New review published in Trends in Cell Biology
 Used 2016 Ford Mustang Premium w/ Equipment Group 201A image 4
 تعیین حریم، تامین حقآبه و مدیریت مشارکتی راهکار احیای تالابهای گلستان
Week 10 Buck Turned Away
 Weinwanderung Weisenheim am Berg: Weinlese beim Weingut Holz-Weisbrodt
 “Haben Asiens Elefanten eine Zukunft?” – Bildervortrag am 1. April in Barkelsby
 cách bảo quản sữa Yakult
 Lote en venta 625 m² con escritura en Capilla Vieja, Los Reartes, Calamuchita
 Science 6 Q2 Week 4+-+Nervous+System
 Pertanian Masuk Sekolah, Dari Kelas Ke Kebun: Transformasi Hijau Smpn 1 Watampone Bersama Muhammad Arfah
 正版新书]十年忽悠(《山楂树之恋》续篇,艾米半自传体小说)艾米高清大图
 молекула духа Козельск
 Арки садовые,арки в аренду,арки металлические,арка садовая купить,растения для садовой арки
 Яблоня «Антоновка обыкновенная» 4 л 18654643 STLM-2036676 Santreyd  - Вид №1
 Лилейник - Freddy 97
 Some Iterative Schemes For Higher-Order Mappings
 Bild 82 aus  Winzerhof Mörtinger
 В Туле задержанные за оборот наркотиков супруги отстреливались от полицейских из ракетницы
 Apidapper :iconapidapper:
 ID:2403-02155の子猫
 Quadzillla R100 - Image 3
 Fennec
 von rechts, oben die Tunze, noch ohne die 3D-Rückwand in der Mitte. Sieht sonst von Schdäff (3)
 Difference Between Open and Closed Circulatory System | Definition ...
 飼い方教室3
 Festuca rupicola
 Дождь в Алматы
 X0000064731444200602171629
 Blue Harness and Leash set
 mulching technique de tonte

**Exercise objective:** Reproduce the records above line by line, without any change, up to and including the line that holds "Weinwanderung Weisenheim am".

**Response to this exercise:**
New review published in Trends in Cell Biology
 Used 2016 Ford Mustang Premium w/ Equipment Group 201A image 4
 تعیین حریم، تامین حقآبه و مدیریت مشارکتی راهکار احیای تالابهای گلستان
Week 10 Buck Turned Away
 Weinwanderung Weisenheim am Berg: Weinlese beim Weingut Holz-Weisbrodt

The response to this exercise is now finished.